I don’t think Google hides small sites as much as people are really good at SEO for Google specifically.
Like my blog has literally 0 SEO and you’ll never find it, but a friend of mine has a blog where he does not post very often, but spends a lot of effort on SEO and it’s very easy to run into his blog.
The SEO meta destroyed small blogs.
It's impossible to say this is something they do, but it's worth noting that Google also has an economic incentive to mostly show commercial/ad-ridden results, as leading users to blogs with no adsense on them make them less money; so it would at least be in their interest to let the search results look like they do.
To fully understand Google you need to look at them not as a service that brings websites to people, but directs people to websites.
“we expect that advertising funded search engines will be inherently biased towards the advertisers and away from the needs of the consumers.”
-- Sergey Brin and Larry Page
http://www.zdnet.com/article/google-advertising-and-search-e...
Appendix A in this paper is a gem as well:
http://infolab.stanford.edu/pub/papers/google.pdf
Contains the quote above and “The goals of the advertising business model do not always correspond to providing quality search to users.”
So what we observe in the deterioration of Google search was predicted by its creators, who made the deliberate decision to let this happen by accepting advertising.

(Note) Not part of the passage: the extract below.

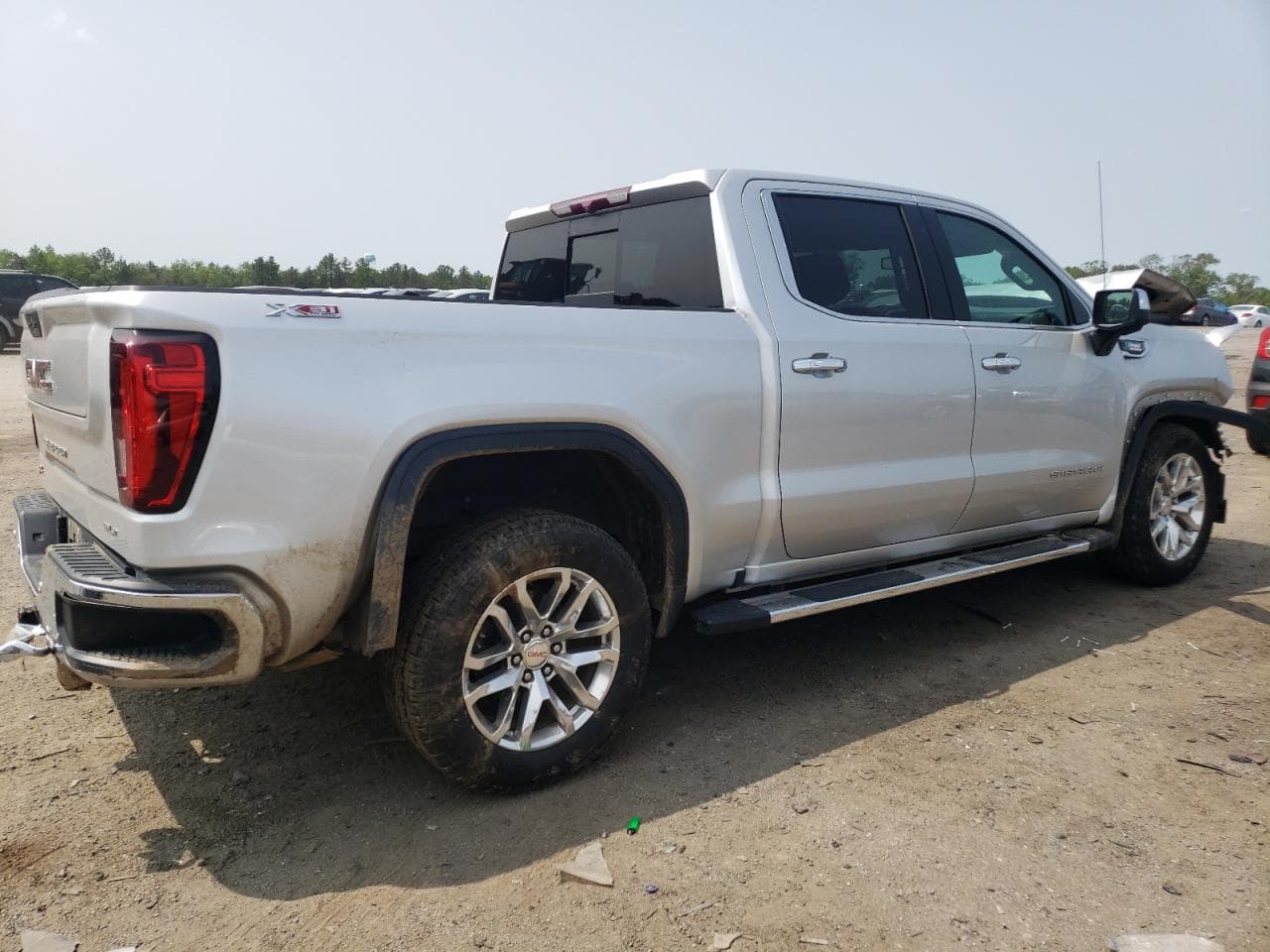 2020 GMC Sierra K1500 Slt - foto 3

It’s so unfortunate that no one inside Google is taking any decision to clearly make things worse. It’s simply the structure of their business that is fundamentally wrong, and their founders had correctly identified the problem right at the start.

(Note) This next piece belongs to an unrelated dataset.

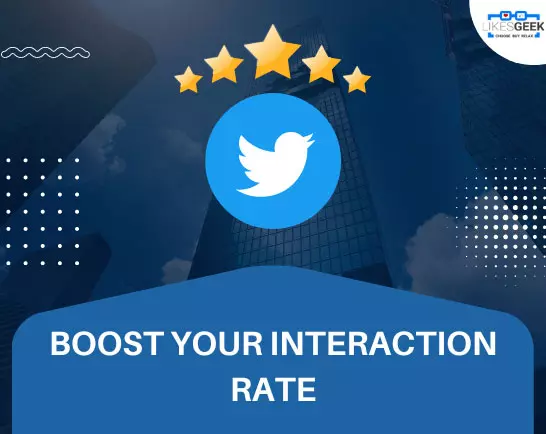 Boost your interaction rate!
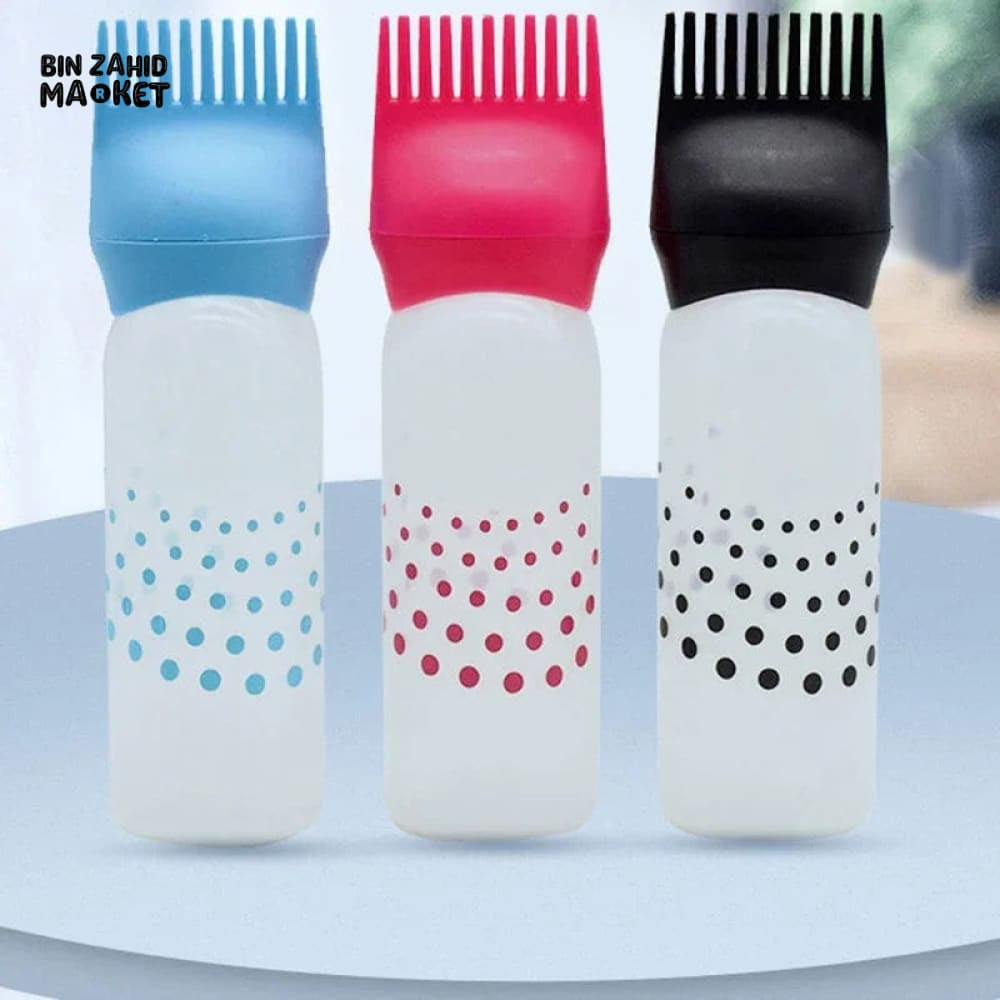 OIL APPLIACTOR BOTTLE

Google went public in 2004, after that I don't think any amount of founder idealism could have saved it from shareholder pressure. If anything it's remarkable they held out as long as they did.
I think the game of SEO works in the favor of advertisers naturally.

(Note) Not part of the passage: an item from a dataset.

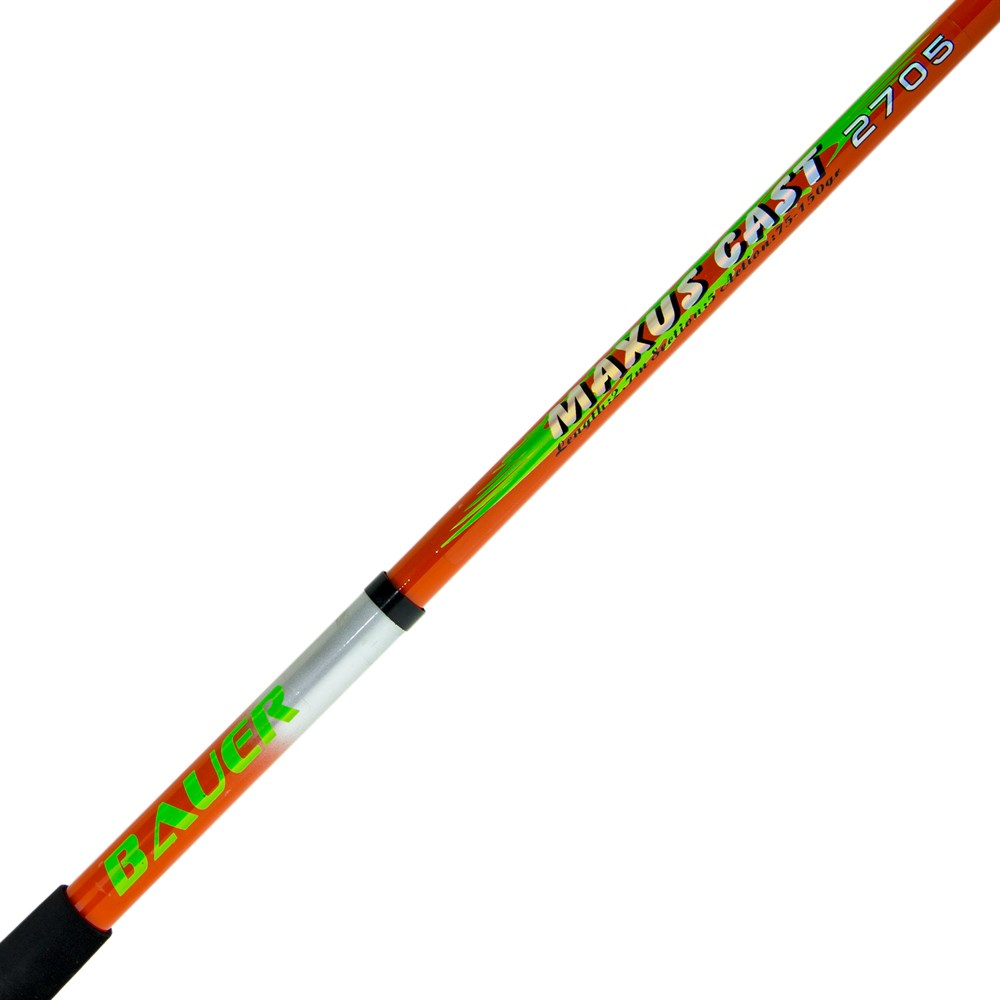 BAUER MAXUS OLTA KAMIŞI 75-150 Gr.BAUERBAUMAXYAŞAR AV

Google doesn’t need to downrank small sites, it just happens.
Maybe it’s just semantics
It's not like it's impossible to combat search engine spam. The by far most effective tool is to just go after affiliate links and ad-heavy websites. Penalize those websites and 99% of the search engine spam vanishes.
Though as noted, this is not in Google's economic interest to do.
I was just going to post a comment similar to this. We've swung towards walled gardens of piles of content instead of graphs of individually curated links.
Exactly that "surfing" or "webring" or "stumbleupon" style of actually browsing in a larger content rather than searching or push-promote within that pile of content.
The walled gardens are better for many of the internet's main uses.
If I need to find out what vodka to buy I Google with site:reddit.com and pick the post that's obviously written by alcoholics. The small web can't touch that.
https://ooh.directory/
ooh.directory is fantastic, I particularly liked the stance that only add a few sites a week are added, which allows to "digest" these sites. Sadly, no new sites have been added since nearly three month. I assume this is just an instance of "Life happens" - it is a single person venture after all - but if there were a dozen similar attempts at handpicking and cataloguing the "good web", it would not hurt.